Perhaps something like Brahman, with a universe that is timeless and imbued with moral consequences that play out in karma, is a potential foundation for objective morality, but that is simply not the case with the god(s) of Abrahamic monotheism. Moreover, there's about as much empirical support for karma as there is for Christian morality.
Well that is out at the starting block because we do not have a timeless universe. So your foundation is out and I deny that you have done anything to show that mine is out so far. Only if God obeyed the nonsense given in the Euthyphro dilemma (and that type of God is not the biblical God) would what you say have even the opportunity to be true. However my God did not pick morality at his whim or from an external source. His eternal and timeless (unlike your universe) is what grounds moral truth. His commands merely reflect that eternal nature.

I am quite skeptical of moral realism in any event, beyond the cooperative and reproductive success strategies that are suggested by evolutionary theory. There's no reason to suppose it has any existence outside of humanity either way.
Now this is the first point you made that is applicable. I am not saying that moral realism is a fact. I am saying that given God it is and if minus God it can't be. I did not set out to prove which one of those propositions is the fact.
 

Rick O'Shez

Irishman bouncing off walls
I do not think you have yet to make a single response that accurately reflect what it was in response to

The problem is that you are trying to frame this debate in a very particular way, and insisting on certain assertions as already proved, and insisting that people have to respond in a particular way to your contrived positions. Sorry but I don't see why we should have to accept everything on your terms in a general debate forum.

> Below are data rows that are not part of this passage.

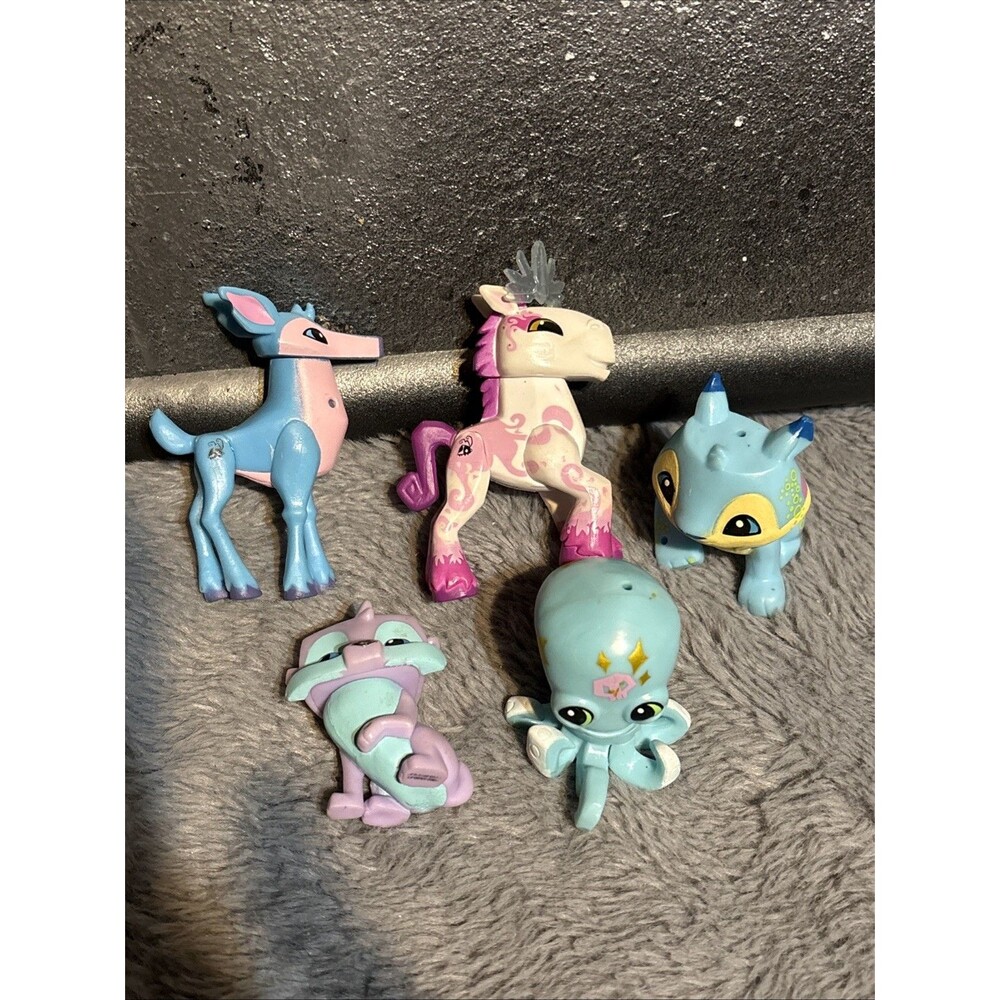 Animal Jam Wild Works Vinyl Animal Figures Lot 5 Unicorn Octopus Lucky Lynx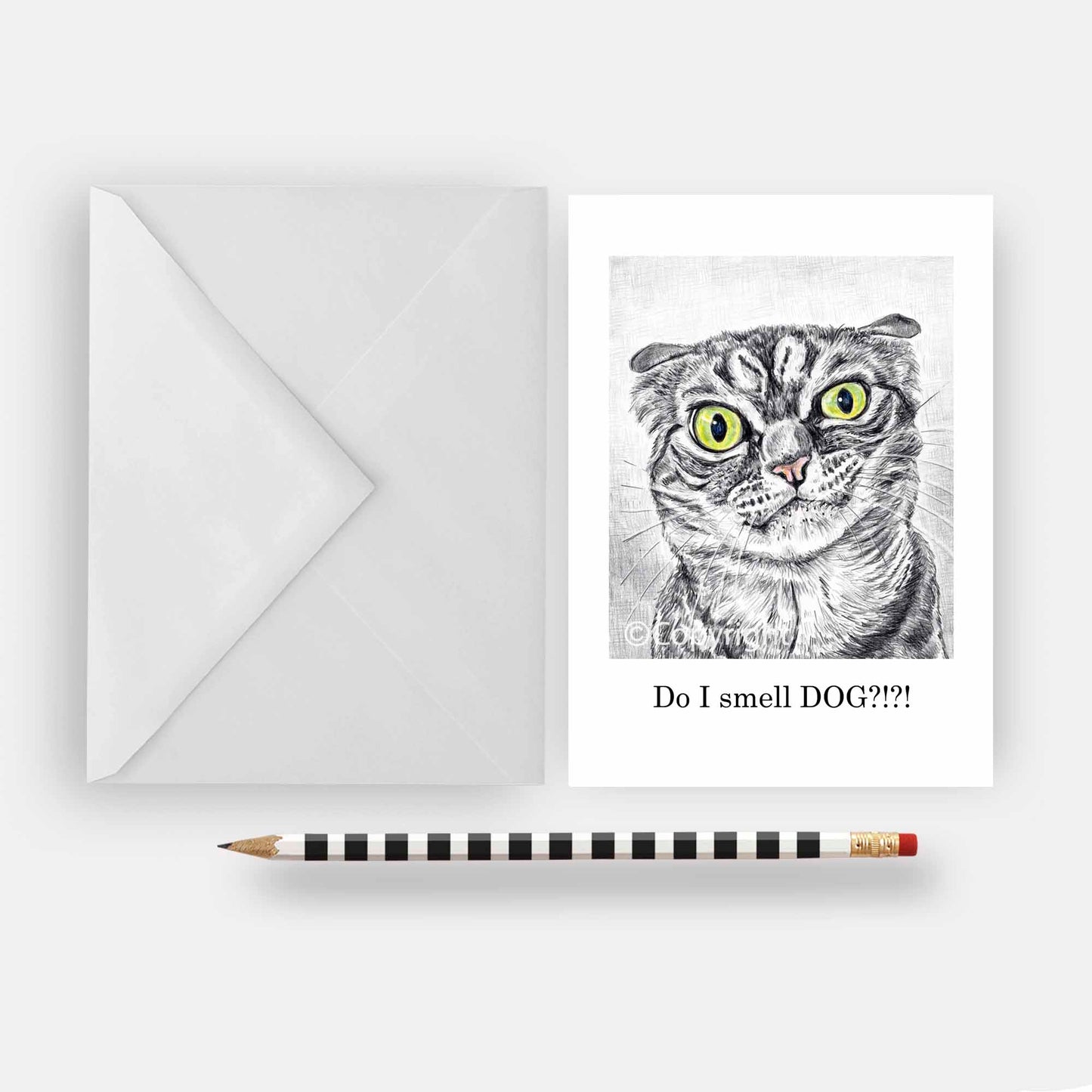 Greeting card featuring a crayon wax pastel drawing of a disgruntled tabby cat. Art by Deidre Wicks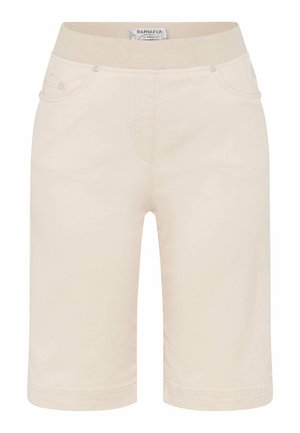 Beige Bermuda-Shorts mit einem elastischen Bund, zwei vorderen Taschen und einem glatten, leichten Stoff. Mit dezenten Nähten ausgestattet.
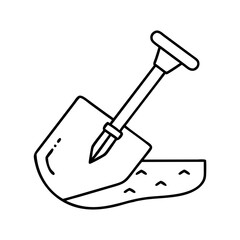 excavation tool icon, excavation tool line art - simple line art of excavation tool, perfect for excavation tool logos and icons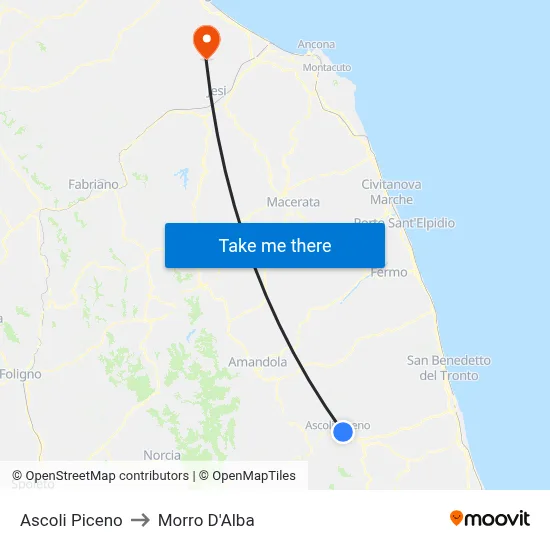 Ascoli Piceno to Morro D'Alba map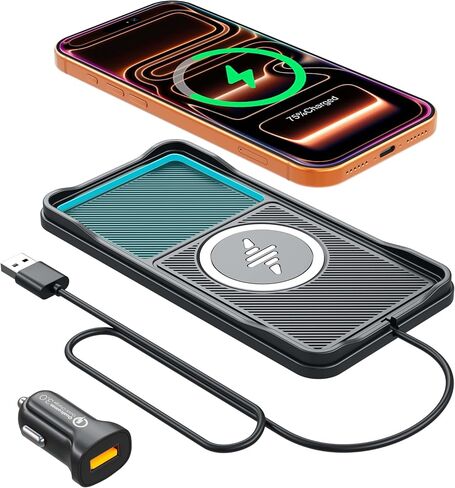 Wireless Car Charger Pad, 15w Fast Car Wireless Chargers Charging pad Non Slip Charger for Car Wireless Phone Charger for iPhone 17/16/15/14/13/12 Pro Max,Samsung S23 S22 S20 for Android, 30cm Cable in Kuwait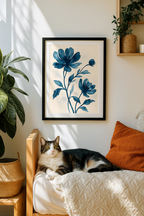 Watercolor painting of indigo blue flowers with delicate leaves on a light cream background, minimalist botanical wall art.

It would be helpful if you started responding to the points that people are actually raising with you, that's how a debate usually works.
 

1robin

Christian/Baptist
All societies have laws which reflect their moral code, so there's your standard. God is entirely uneccessary.
I never said God was necessary for us to contrive ethical rules that bear no relationship to objective moral facts (that can't exist without the transcendent). So I agree that without God all we have is legal opinion backed up by force. That is not objective morality it is a convenience.
 

1robin

Christian/Baptist
You still haven't proved that though, it remains just an assertion.
What is there to prove? It is an unavoidable and necessary deduction. It is a proposition of the form if X then necessarily Y. Are you asking me to prove the necessary part? Are you familiar with moral theory?
 

Rick O'Shez

Irishman bouncing off walls
So I agree that without God all we have is legal opinion backed up by force. That is not objective morality it is a convenience.

That legal opinion reflects human morality and ethics. You still haven't demonstrated that "objective morality" exists. What is the evidence for it?